Exercise brief:
All of the entries should be restated word for word, but without their pictures.

(Web page caption snippets)
--*--

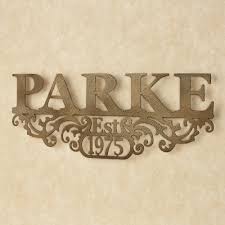 Aged iron squares featuring a ribbed concave center in antique gold, washed with a heavy patina glaze revealing ivory undertones. Kinship Antique Gold Family Name And Year Personalized Metal Wall Art Sign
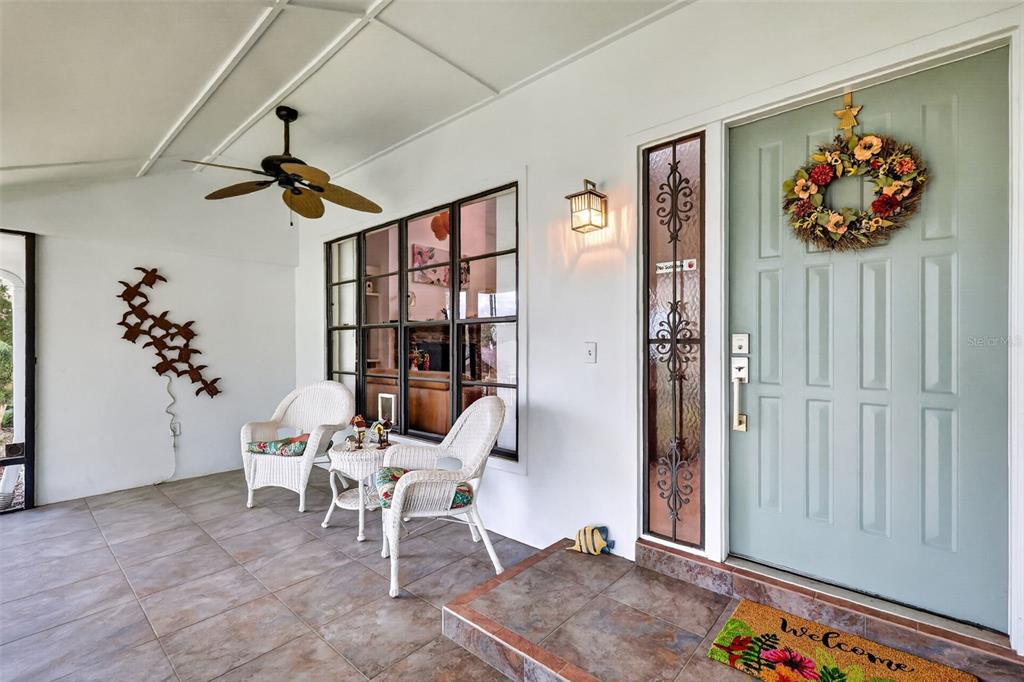 A covered porch features tiled flooring, two white wicker chairs, and a light blue front door — 21 TOWNHILL DRIVE, EUSTIS, FL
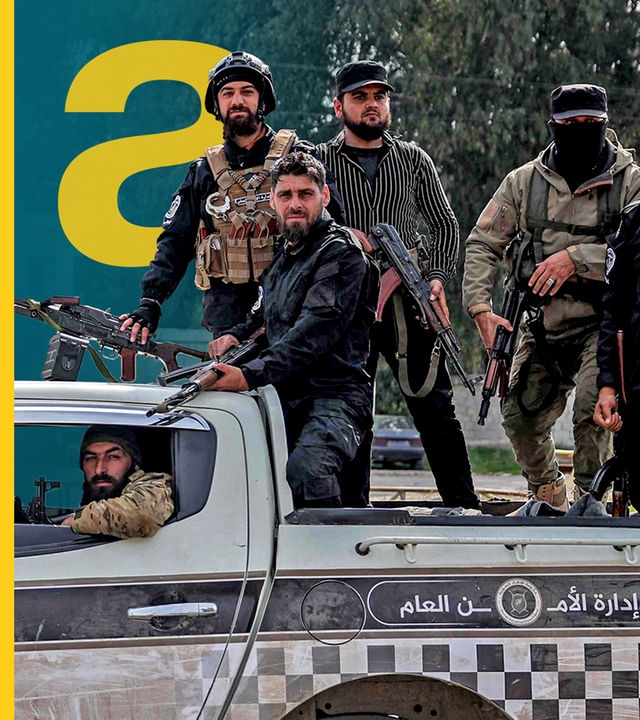 Sicherheitskräfte der syrischen Übergangsregierung stehen im Fond eines Fahrzeugs, das an einer Straße geparkt ist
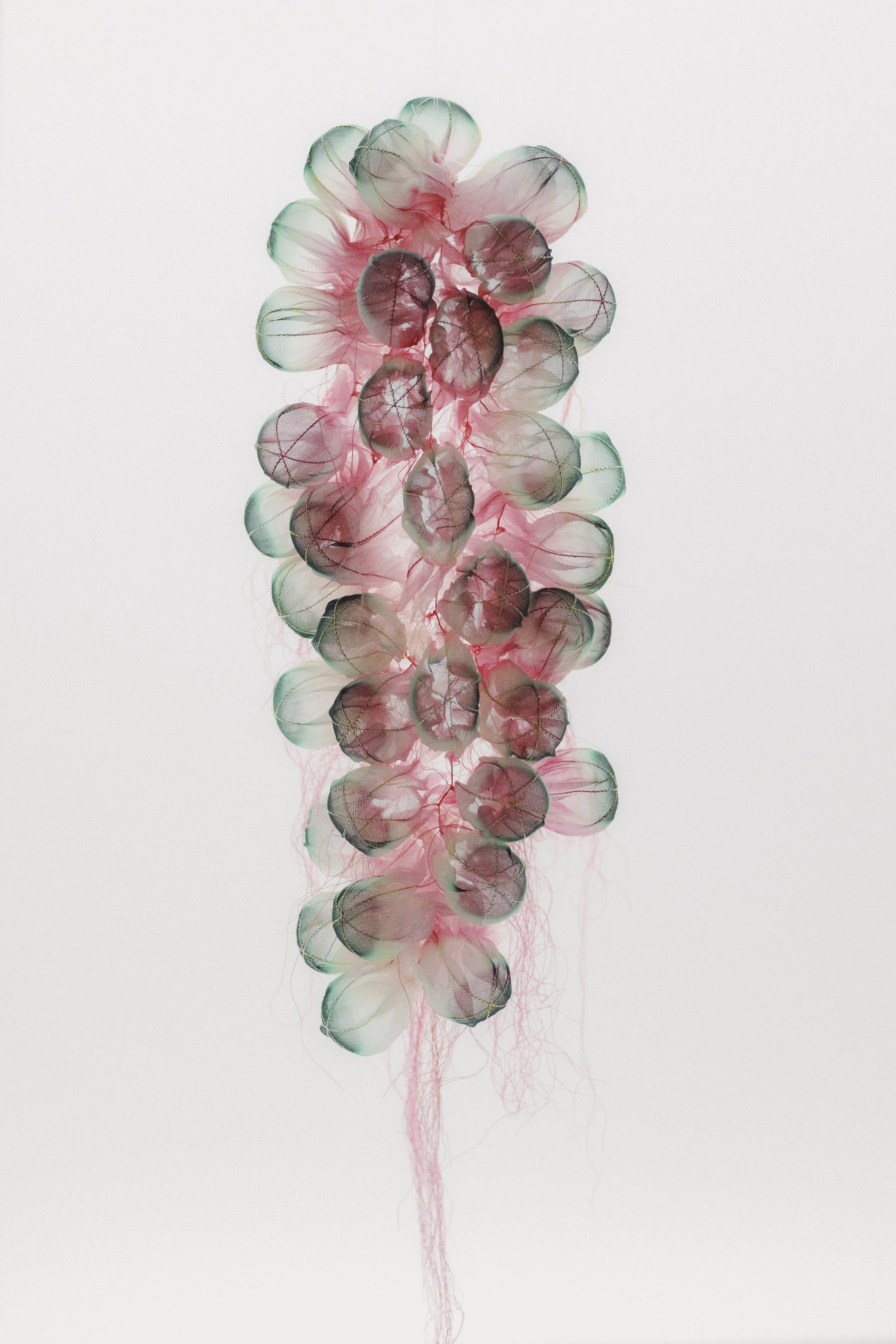 Heat-manipulated organza, dyed textile and threads.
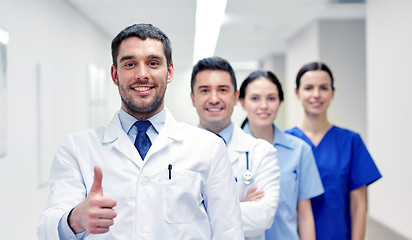 Image showing medics or doctors at hospital showing thumbs up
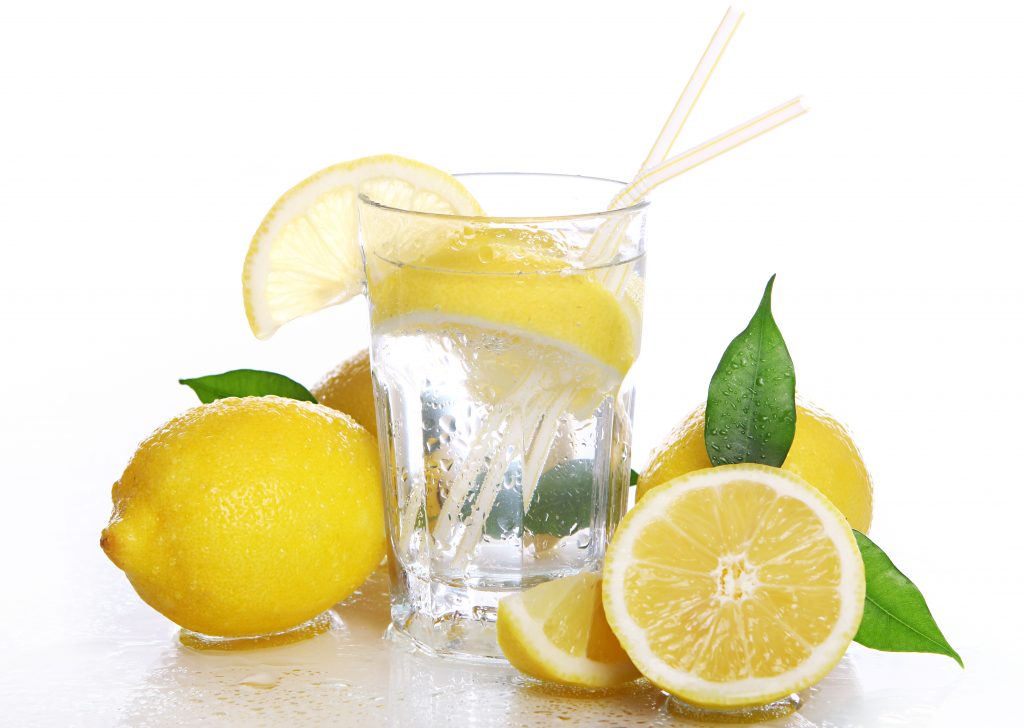 An appealing shot of a cocktail with fresh lemon, displayed against a white background.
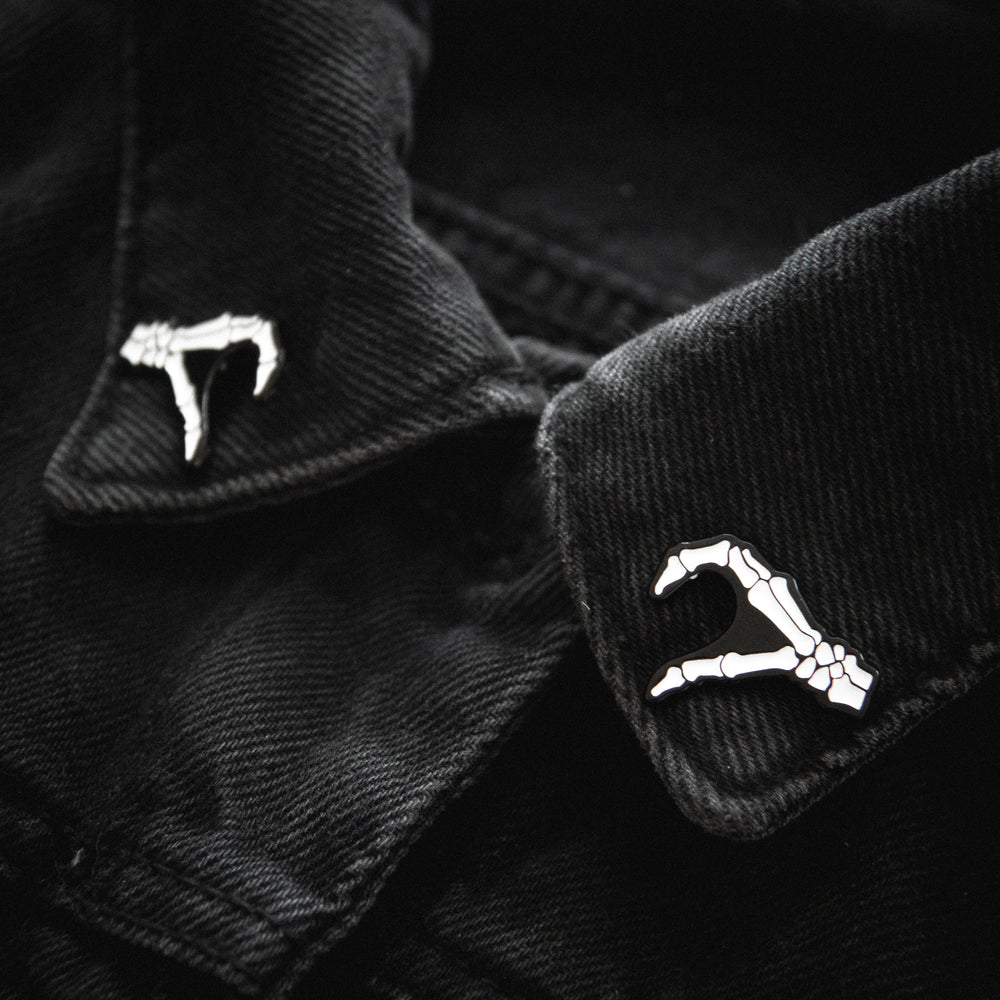 Two black and white skeleton hand pins worn on the collar of a dress shirt for cool alternative fashion.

--*--

Finished exercise:
 Aged iron squares featuring a ribbed concave center in antique gold, washed with a heavy patina glaze revealing ivory undertones. Kinship Antique Gold Family Name And Year Personalized Metal Wall Art Sign
 A covered porch features tiled flooring, two white wicker chairs, and a light blue front door — 21 TOWNHILL DRIVE, EUSTIS, FL
 Sicherheitskräfte der syrischen Übergangsregierung stehen im Fond eines Fahrzeugs, das an einer Straße geparkt ist
 Heat-manipulated organza, dyed textile and threads.
 Image showing medics or doctors at hospital showing thumbs up
 An appealing shot of a cocktail with fresh lemon, displayed against a white background.
 Two black and white skeleton hand pins worn on the collar of a dress shirt for cool alternative fashion.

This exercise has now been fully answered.